“Practice hospitality.”  Romans 12:13

It is always nice to get clear instructions.  This two-word direction is about as short as an instruction can be – one verb, one noun.  But then I guess the complexity of the instructions are largely dependent on the meaning given to the noun – hospitality.  In common parlance we seem to have narrowed the use and meaning of “hospitality” to a transactional context, as in the “hospitality business” or “hospitality industry.”  Hospitality seems most commonly to be thought of as something that is expected on payment for it to a hotel or some other business entity providing services for a fee.

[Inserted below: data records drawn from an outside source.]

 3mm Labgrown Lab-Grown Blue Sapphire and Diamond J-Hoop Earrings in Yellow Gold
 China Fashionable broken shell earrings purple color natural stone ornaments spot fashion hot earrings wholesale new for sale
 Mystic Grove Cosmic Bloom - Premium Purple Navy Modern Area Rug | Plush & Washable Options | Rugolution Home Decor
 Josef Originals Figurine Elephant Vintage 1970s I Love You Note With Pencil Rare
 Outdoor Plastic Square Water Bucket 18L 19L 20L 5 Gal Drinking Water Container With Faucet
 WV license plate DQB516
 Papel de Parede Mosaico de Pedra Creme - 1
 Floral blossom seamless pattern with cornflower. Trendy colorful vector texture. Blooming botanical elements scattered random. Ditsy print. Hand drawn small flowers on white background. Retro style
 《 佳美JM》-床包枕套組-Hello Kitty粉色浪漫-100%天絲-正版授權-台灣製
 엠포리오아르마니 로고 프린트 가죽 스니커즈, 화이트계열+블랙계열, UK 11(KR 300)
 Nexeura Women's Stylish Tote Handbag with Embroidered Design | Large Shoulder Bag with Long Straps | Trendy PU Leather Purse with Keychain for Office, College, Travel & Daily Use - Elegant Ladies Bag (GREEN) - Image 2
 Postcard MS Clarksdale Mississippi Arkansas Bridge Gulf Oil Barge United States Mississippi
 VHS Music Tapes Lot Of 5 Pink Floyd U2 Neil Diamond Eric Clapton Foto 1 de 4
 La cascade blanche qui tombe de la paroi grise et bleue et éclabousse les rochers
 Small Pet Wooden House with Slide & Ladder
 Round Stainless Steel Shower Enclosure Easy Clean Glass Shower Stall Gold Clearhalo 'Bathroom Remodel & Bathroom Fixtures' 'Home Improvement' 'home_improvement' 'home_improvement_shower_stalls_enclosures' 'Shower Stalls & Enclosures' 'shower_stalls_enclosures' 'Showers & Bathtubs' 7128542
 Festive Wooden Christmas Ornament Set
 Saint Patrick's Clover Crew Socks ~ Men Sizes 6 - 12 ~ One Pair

The biblical meaning of “hospitality” seems much broader.  In the Romans passage, the instruction comes as a summary of the paragraph above it (in a section captioned “Love” in my Bible) that includes admonitions about love (Love must be sincere.” v. 9), hate, honor, zeal, joy, hope, patience, and sharing (Romans 12:9-13), and thus the suggestion is that hospitality invokes all of those things.  There is no mention of a precondition of money changing hands.  The usage of the word in 1 Peter 9 is similar — “Offer hospitality to one another without grumbling.” — as is the context.  That usage (in a section captioned “Living for God” is preceded by a notation about  love — “Above all, love each other deeply, because love covers over a multitude of sins.” v. 8

Okay, I suppose there is supposed to be some point to this meandering.  But I am not sure I can do better than the source.  Practice hospitality without precondition, without grumbling, and don’t hold your hand out for the tip.